Jane's charming story of Sammy evoked memories of our dog Wanda. Her face was rottweiler, but softened by the black labrador strain of her mother; her long legs she owed to her german shepherd grandfather, and her overall colouring was that of her rottweiler father, Bruce - a handsome brute of very little brain who came visiting one time and knocked up our dog Allie. We arrived home from vacation in Hawaii on my birthday in 1996, and Allie gave birth, unexpectedly, to a litter of six pups that night. That was an interesting birthday present.
We kept two of the pups - Wanda and Otto (our sons were big fans of the movie A Fish called Wanda). We had the pick of the litter - and our son Daniel was adamant that we keep Wanda because she was the most fun, she had the most spirit. Yes she did. I rather preferred a rather lollopy puppy who was inclined to sleep most of the time, but our sons weren't having any of it. They of course departed quite quickly for Europe and college, leaving Phil and I to the hard work of bringing them up.
And hard work it was. We already had two dogs - a golden retriever and Allie, the puppies' Mom. They were all outside dogs; I wouldn't have them in the house. Otto died in 2002, leaving a gap in our lives; but at this point, Wanda, seeing my grief, attached herself to me - and never let go. When I walked through our house, her eyes would follow me from outside, from one end to the other. We had a bond - on her part, it was one of unconditional love and loyalty, and joy when she was with us.
She travelled with us from California to France, via Frankfurt, in the hold of the airplane - emerging 22 hours later unscathed in Marseilles, where she scuttled quickly to a nearby grass verge. She claimed our home in France as her territory - hopping up on to a stone wall and surveying the territory routinely. No living being, human or otherwise, could approach without her all-seeing eyes. Her days were filled by stalking gekkos along the sunny walls - she never got one, but never stopped trying.

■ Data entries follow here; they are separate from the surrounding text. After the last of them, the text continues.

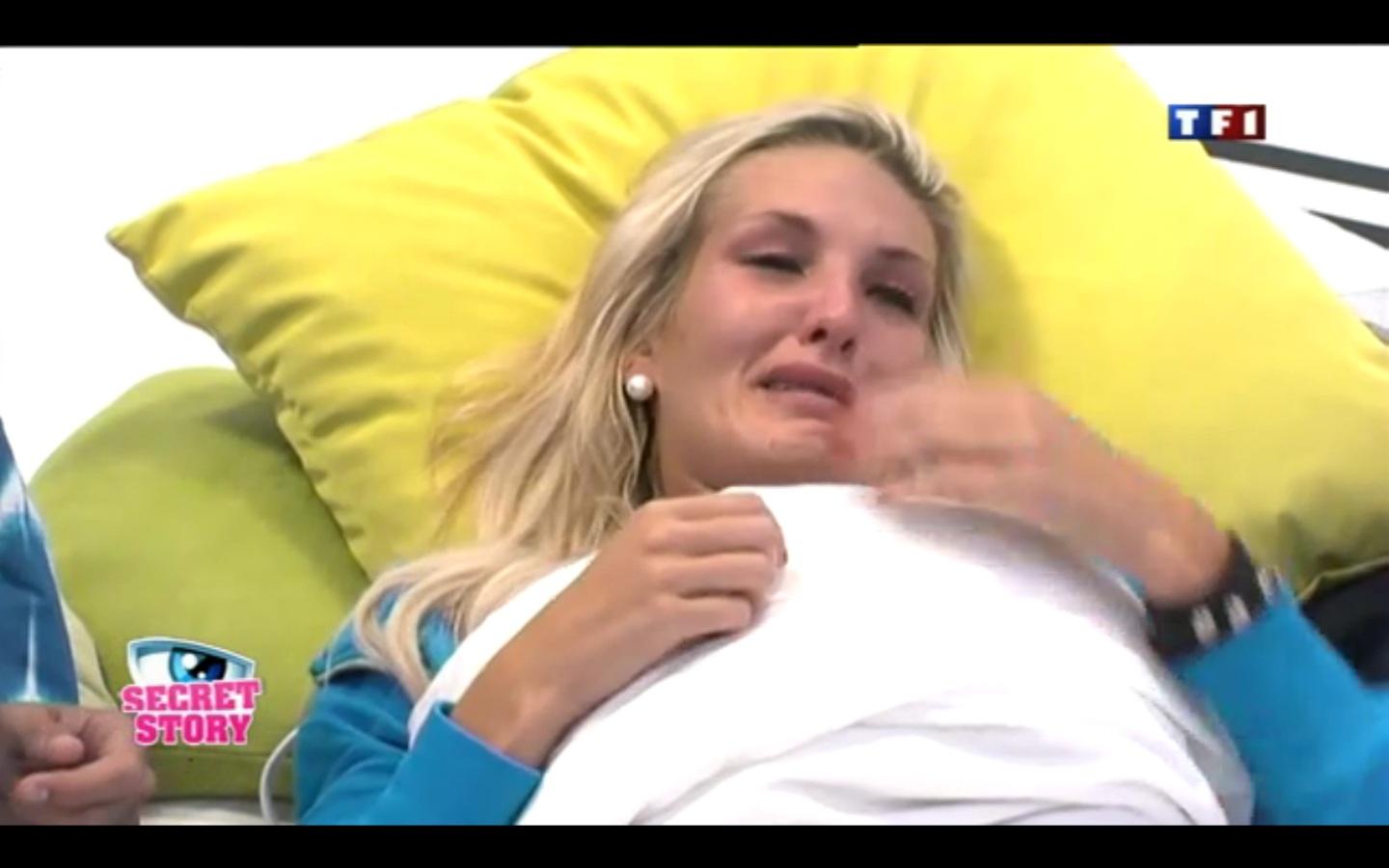 marie secret story marie secret story 5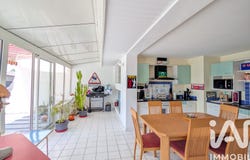 Locminé, Brittany 56500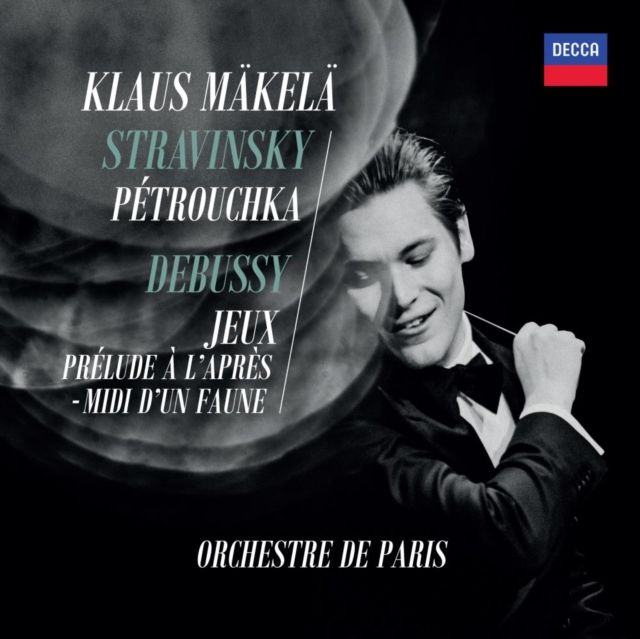 Klaus Makela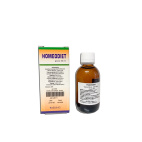 Hering Homeodiet medicinale omeopatico gocce 50 ml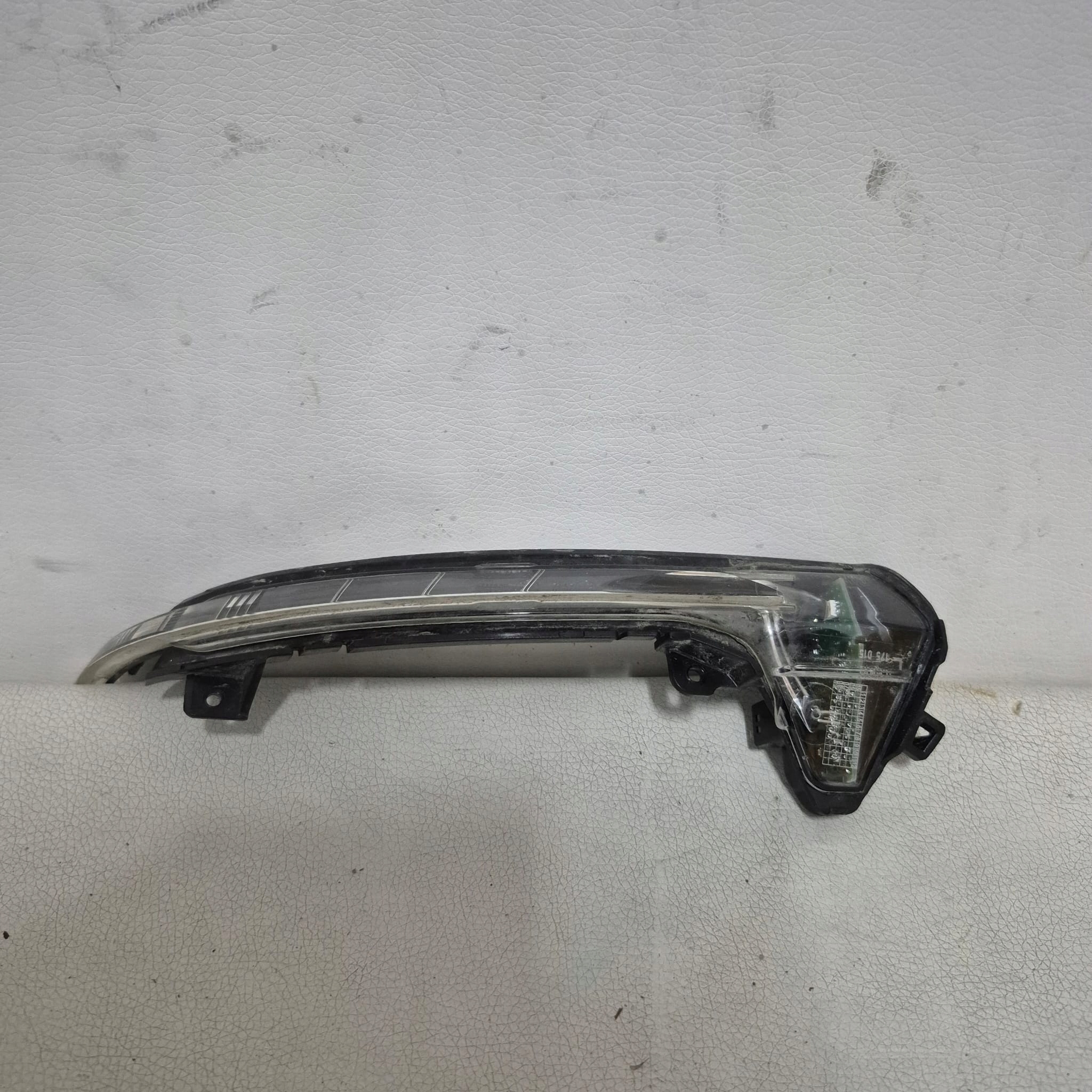AUDI A6 C7 10r. -> indicator mirrors blinker left left 4G5949101B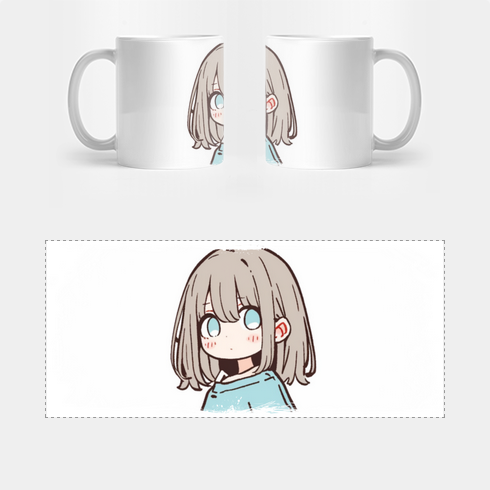 Kubek RAR0426191.png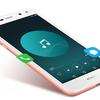 huawei-y5-2017-4.jpg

Wanda died the day before our shared birthday, in 2008. That was the least happy birthday I've ever experienced. When I spoke to our old friend Ceclie, who had taken another of the puppies from the litter in 1996 (and the one who appeared to be Wanda's fraternal twin), Ceclie told me that he had died 10 days earlier. Big dogs don't have a long life.
Our sons were brought up with four dogs in their lives; now we have none. But we have our memories, and as I work through my major winter project of transferring family videos into iMovie, film of our dogs crops up and evokes feelings of love and loss and the knowledge that even though time passes quickly and our lives move on, she will always be in my heart.